Closed Ortovoxx closed 3 years ago
Yes, that is true. Caching results is necessary to keep the API from crashing under high load. The current implementation is not easily scalable and does not fail gracefully in case of errors.
There is no way to turn the cache off from a request perspective at this point. I could lower the cache a bit to something like 1 minute. Having a lower cache does not make much sense compared to the time it takes to execute 'steamcmd' commands and taking cache at Steam itself into account.
Would a cache of 1 minute solve it for now? Besides that I want to rewrite the API and split the engine into separate workers (that allow for scaling). Until then you can always host the API yourself by running the code or use the official Docker image.
It makes sense why you have added it I understand.
A 1 minute cache would solve the problem temporarily until I can get the docker image up and running myself which seems to be the only solution as I only need data ( actually just the build IDs ) from 2 specific apps.
The worker solution does sound like the best bet. I assume this means implement some sort of queue to queue incoming requests from the api and then the worker will handle those requests as and when they can.
Thank you for providing the service. Do let me know if I can help in any way.
Cool, 1 minute should probably still be high enough still to avoid crashing the API. In PR https://github.com/steamcmd/api/pull/21 the cache has been lowered to 1 minute (and will automatically be applied to the live API).
And I understand. If the API would be stable enough with a lower cache TTL I woud lower it but it kept crashing way too much. The steamcmd
command that is run with every request is a pretty slow process which makes every request pretty resource intensive.
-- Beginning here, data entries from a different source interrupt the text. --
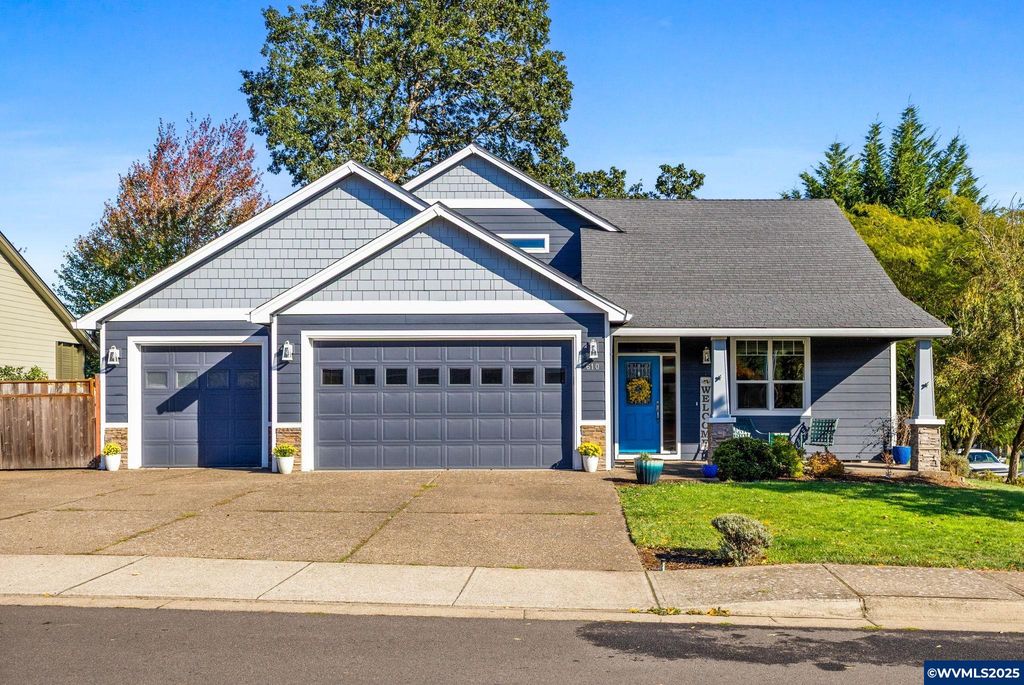 610 NW Hillcrest Dr, Dallas, OR 97338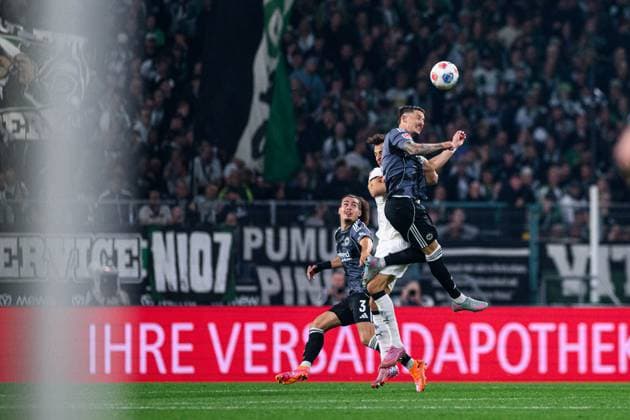MOENCHENGLADBACH, GERMANY - 27 SEPTEMBER, 2025: Robin Koch, Arthur Theate - The football match of Bundesliga Borussia Moenchengladbach vs Eintracht Frankfurt at Borussia Park.  Copyright: xVITALIIxKLIUIEVx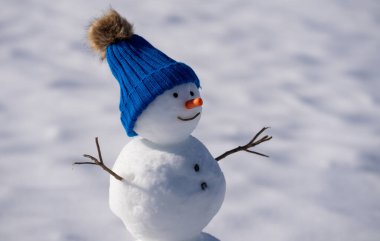 Kış tatili kartı geçmişi için kardan adam. Kardan adam dışarıda, karda. Şenlikli kış posteri için kardan adam. Kışın açık havada eşarplı bir kardan adam. Noel tebrik kartı için kardan adam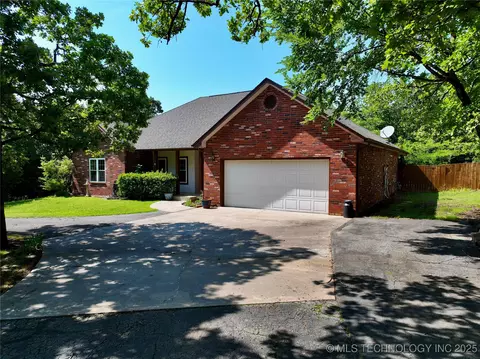 46 Acorn St, Eufaula, OK 74432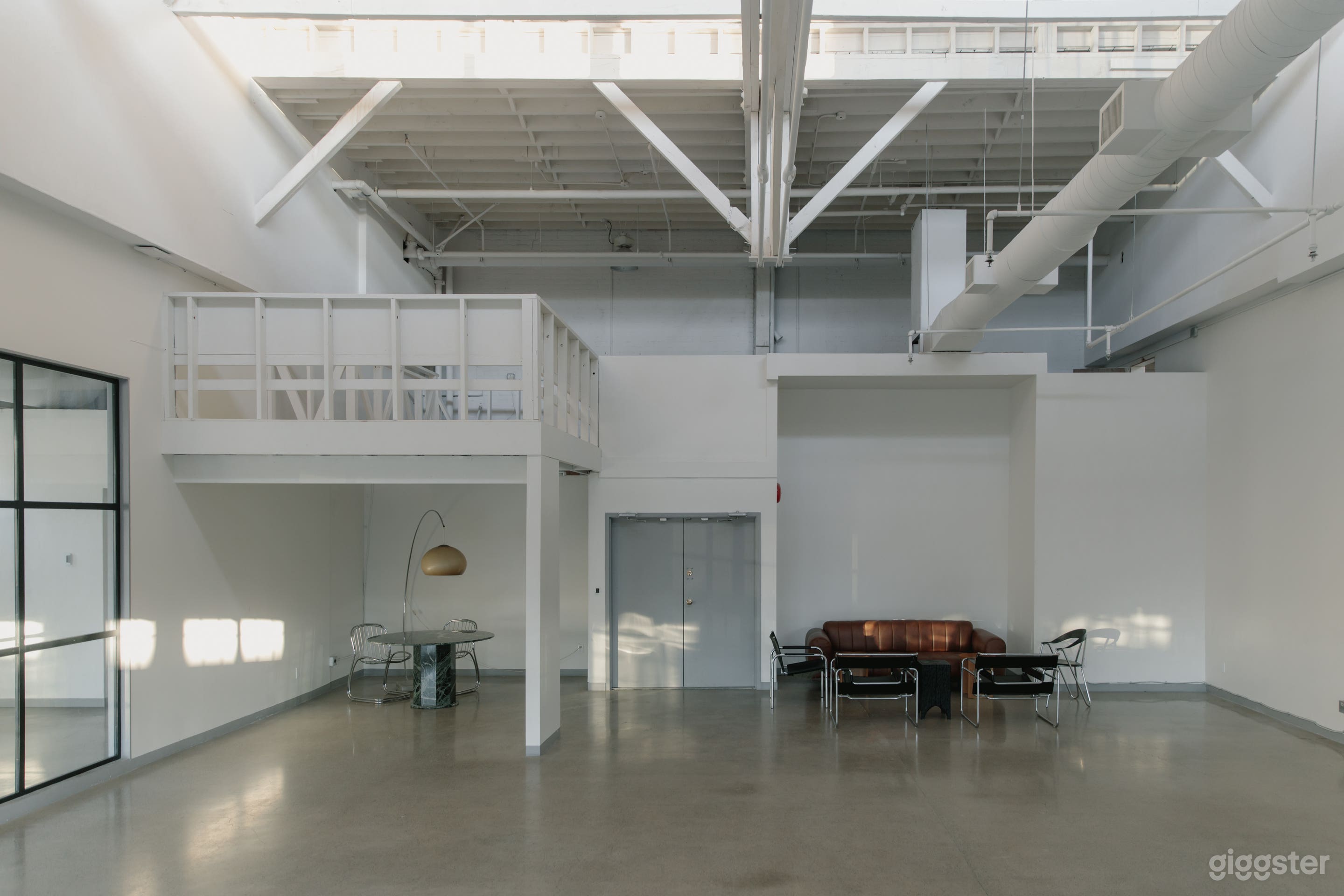 Large Open Space With High Ceilings Photo 2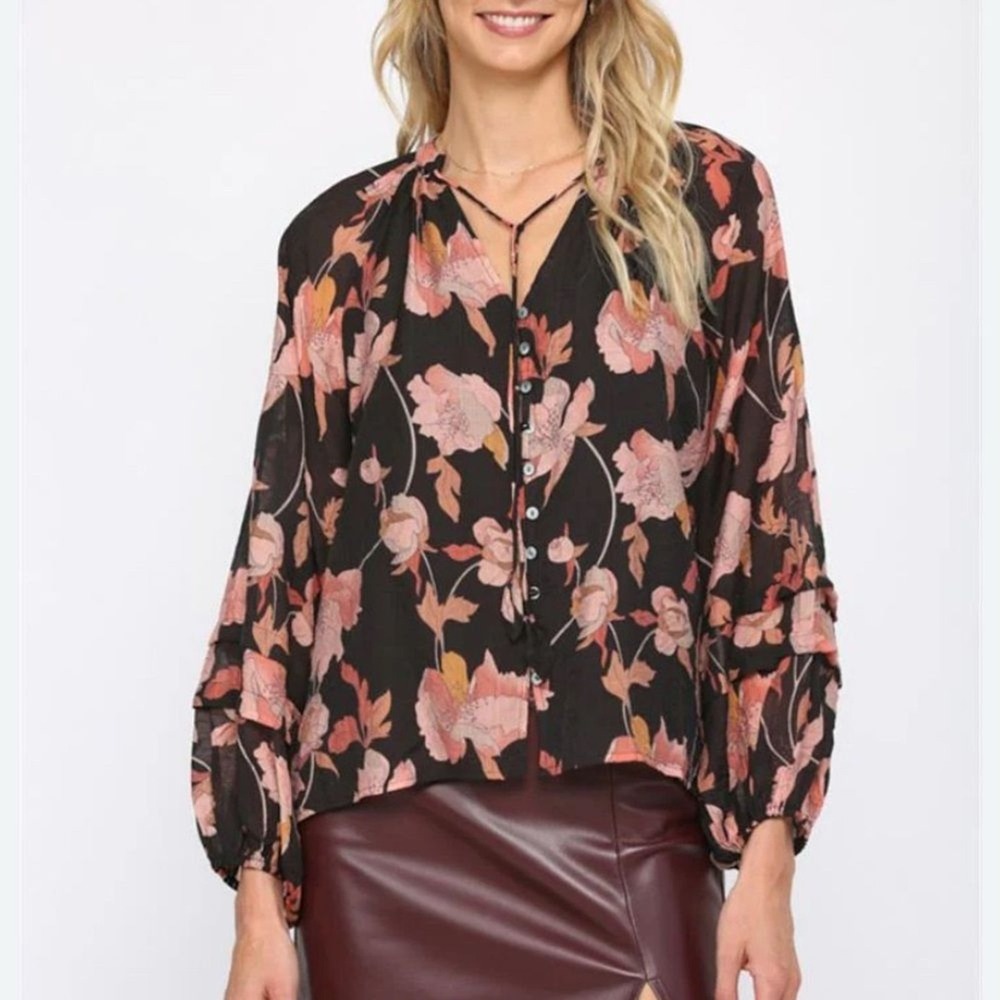 Fate Blouse Women Medium Black Floral Button Front Tie Neck Boho‎ Ruffle Sleeve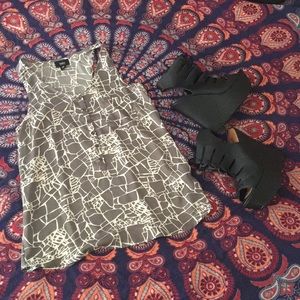 Massimo Grey Flowy Tank Top Abstract Design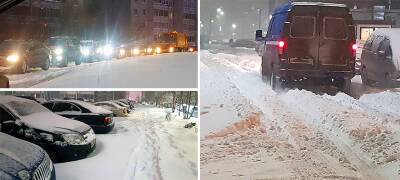Петрозаводск завалило снегом - город стоит в одной большой пробке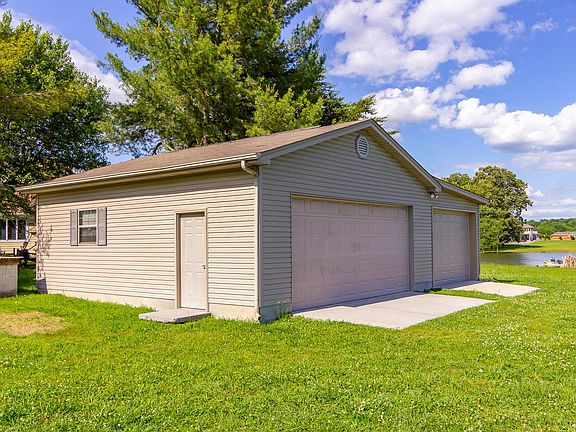5th image of 137 Island Harbor Ln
Let me know if you need helping hosting your own instance of the API. I would be happy to help out.
Thank you for your recognition :)
Maybe it is worth increasing the cache time back to 5 minutes after looking at the recent uptime
I will self host the api to prevent you having to accomodate a single user. Thank you anways.
May I ask whereabouts you host?
Yes, you are right. Thank you for your message! For now I increase the TTL again to 2 minutes, let's see if it holds.
Alright, I understand. I wish the API would be stable enough in it's current state to easily be able to process these requests but that is sadly not the case.
Of course! The API is currently hosted for free on Heroku proxied through Cloudfront. Part of the stability issues is because of the free limitations of Heroku (memory limit and connection duration limit of 30s) but the issues are mostly caused because of the way the API currently excutes steamcmd
in a blocking way.
I noticed that you have implemented a caching mechanism recently. Is there a way to turn this off? I can't find one.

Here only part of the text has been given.